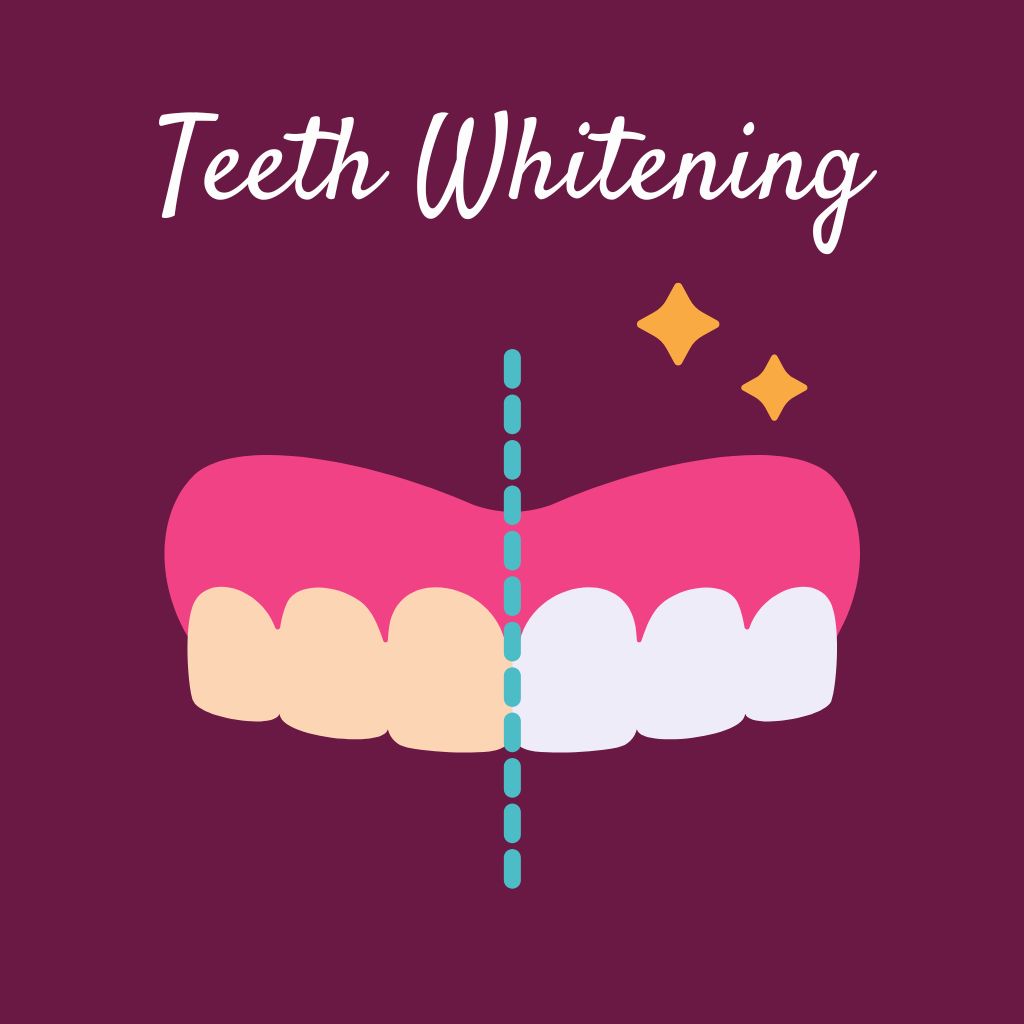 Teeth Whitening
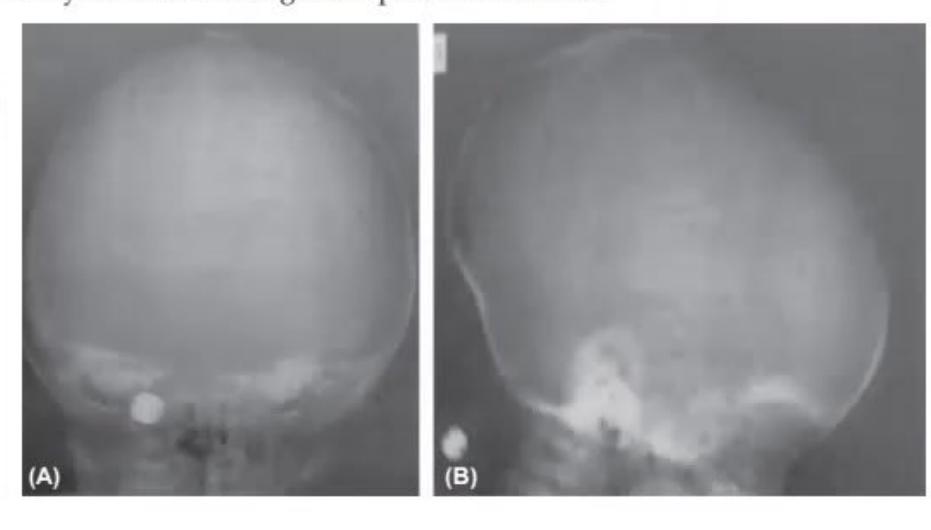 images/MNJ-P-OSCE 27. Neurology_page_12_Picture_12.jpeg
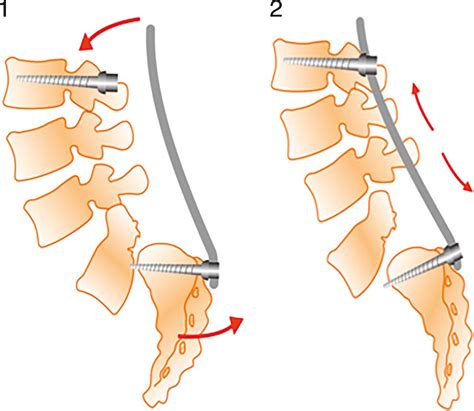 Spondylolisthesis Grade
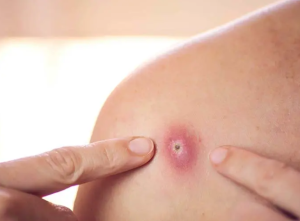 Qué es la foliculitis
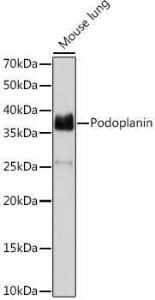 Western blot analysis of extracts of Mouse lung, using Anti-Podoplanin/gp36 Antibody [ARC1488] (A306073) at 1:1000 dilution. The secondary Antibody was Goat Anti-Rabbit IgG H&L Antibody (HRP) at 1:10000 dilution. Lysates/proteins were present at 25 µg per lane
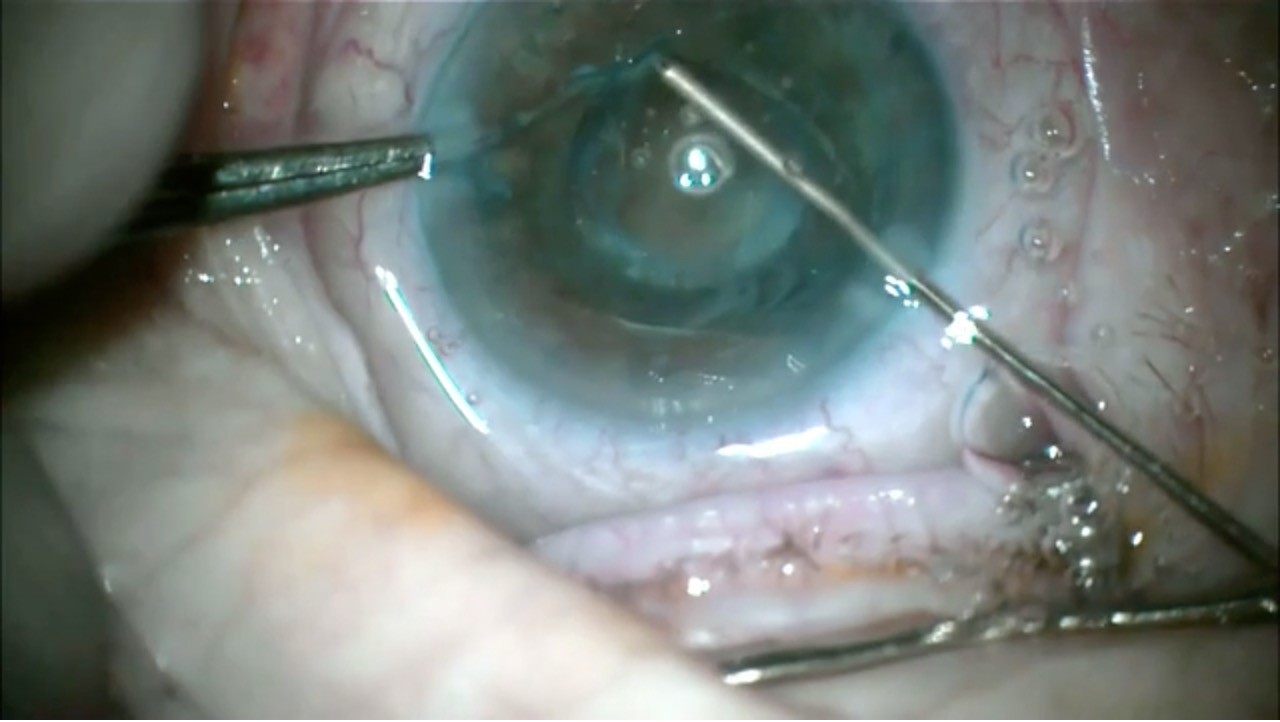 Morgagnian Cataract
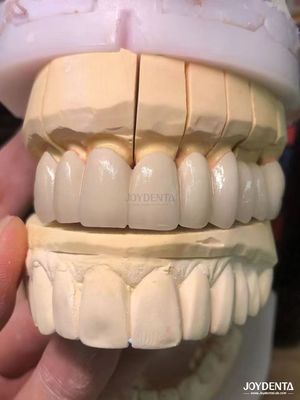Precision Fit Porselen Dipecat ke Logam PFM Mahkota tanpa jahitan Enhancement Natural Smile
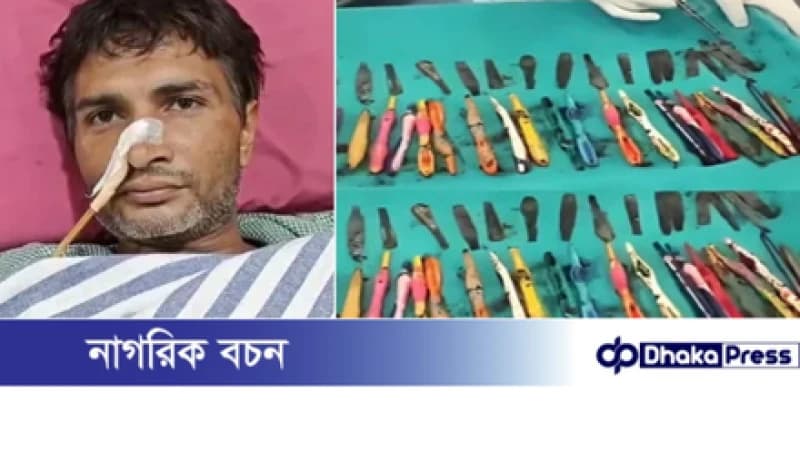 এক যুবকের পেট থেকে উদ্ধার হলো অদ্ভুত সামগ্রী এক যুবকের পেট থেকে উদ্ধার হলো অদ্ভুত সামগ্রী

» Exercise brief
Although the records above contain pictures, only their text is to be repeated, exactly as given.

» Output of the exercise
 Teeth Whitening
 images/MNJ-P-OSCE 27. Neurology_page_12_Picture_12.jpeg
 Spondylolisthesis Grade
 Qué es la foliculitis
 Western blot analysis of extracts of Mouse lung, using Anti-Podoplanin/gp36 Antibody [ARC1488] (A306073) at 1:1000 dilution. The secondary Antibody was Goat Anti-Rabbit IgG H&L Antibody (HRP) at 1:10000 dilution. Lysates/proteins were present at 25 µg per lane
 Morgagnian Cataract
Precision Fit Porselen Dipecat ke Logam PFM Mahkota tanpa jahitan Enhancement Natural Smile
 এক যুবকের পেট থেকে উদ্ধার হলো অদ্ভুত সামগ্রী এক যুবকের পেট থেকে উদ্ধার হলো অদ্ভুত সামগ্রী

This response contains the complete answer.